### Data block

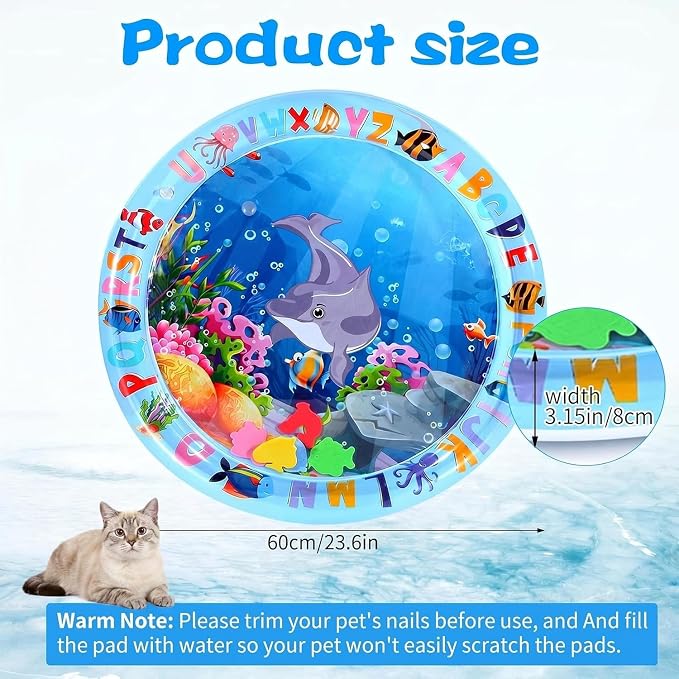 2 Pieces Upgraded Thickened Cat Water Mat,Water Sensory Play Mat with Fish | Interactive Cat Toy for Cats to Exercise,Hunting,Swatting,Aqua Anti-Scratch Leak Proof Foldable Play Mat with Fish for Pet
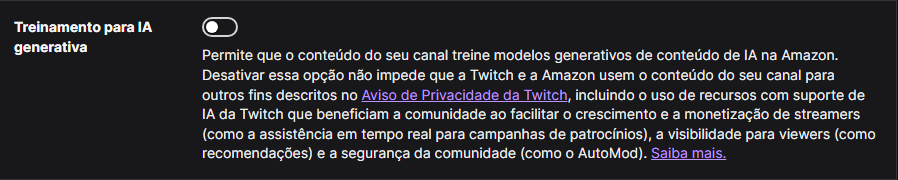 FeyreElfSun's tweet photo. 📢VTUBERS, E PRINCIPALMENTE ARTISTAS QUE FAZEM LIVE

Retirem essa Opção!!! Essa Opção treina a IA!! https://t.co/or0ynPnagP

######

* _What to produce_
Take the line containing "FeyreElfSun's tweet photo." and all lines after it to the end of the data above, and reproduce them exactly, leaving out pictures. Nothing else belongs in the copy.

* _Your response_
 FeyreElfSun's tweet photo. 📢VTUBERS, E PRINCIPALMENTE ARTISTAS QUE FAZEM LIVE

Retirem essa Opção!!! Essa Opção treina a IA!! https://t.co/or0ynPnagP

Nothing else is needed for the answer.